_GIVEN DATA_
┄┄┄┄┄┄┄┄┄┄
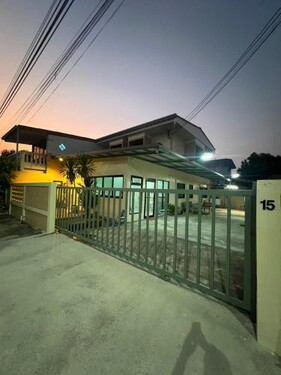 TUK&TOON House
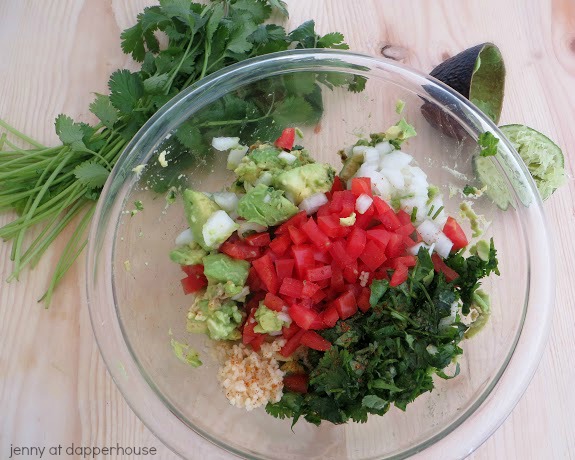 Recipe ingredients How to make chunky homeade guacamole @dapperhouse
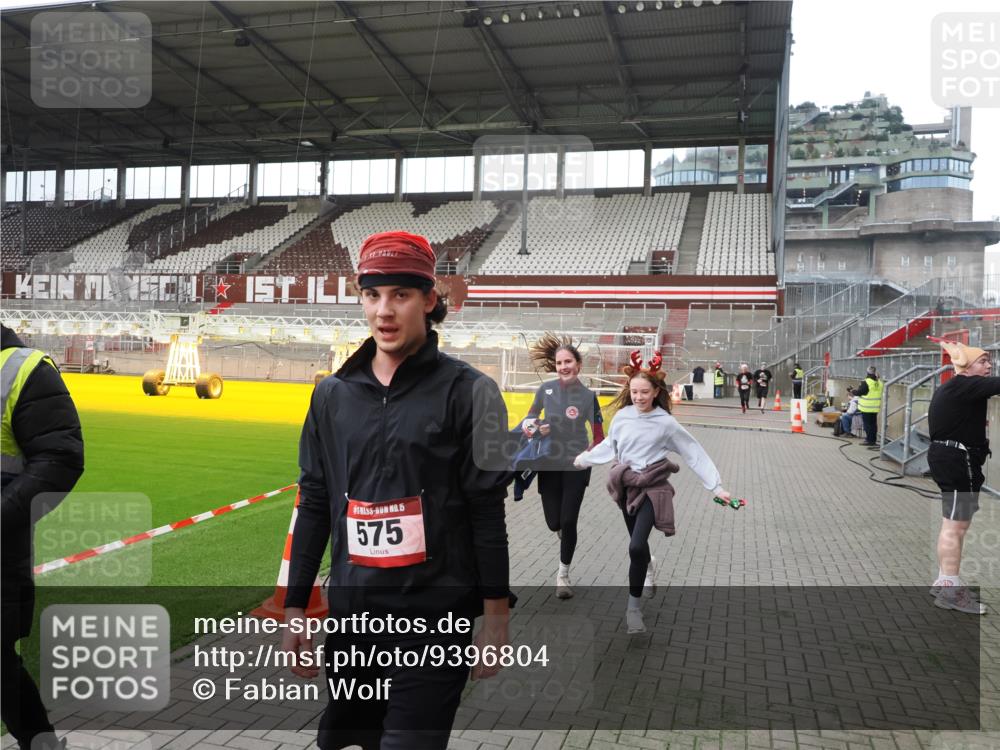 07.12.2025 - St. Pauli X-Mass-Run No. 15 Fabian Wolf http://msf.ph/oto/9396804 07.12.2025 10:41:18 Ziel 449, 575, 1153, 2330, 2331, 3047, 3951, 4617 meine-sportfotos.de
┄┄┄┄┄┄┄┄┄┄
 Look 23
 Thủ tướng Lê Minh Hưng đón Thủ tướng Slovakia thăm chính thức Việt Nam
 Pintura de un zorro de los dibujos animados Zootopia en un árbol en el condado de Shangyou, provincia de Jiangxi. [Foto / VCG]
┄┄┄┄┄┄┄┄┄┄
Proceeding from the line containing "Thủ tướng Lê" through the line containing "Pintura de un", transcribe the lines above exactly, both end lines included.

_EXPECTED OUTPUT_
 Thủ tướng Lê Minh Hưng đón Thủ tướng Slovakia thăm chính thức Việt Nam
 Pintura de un zorro de los dibujos animados Zootopia en un árbol en el condado de Shangyou, provincia de Jiangxi. [Foto / VCG]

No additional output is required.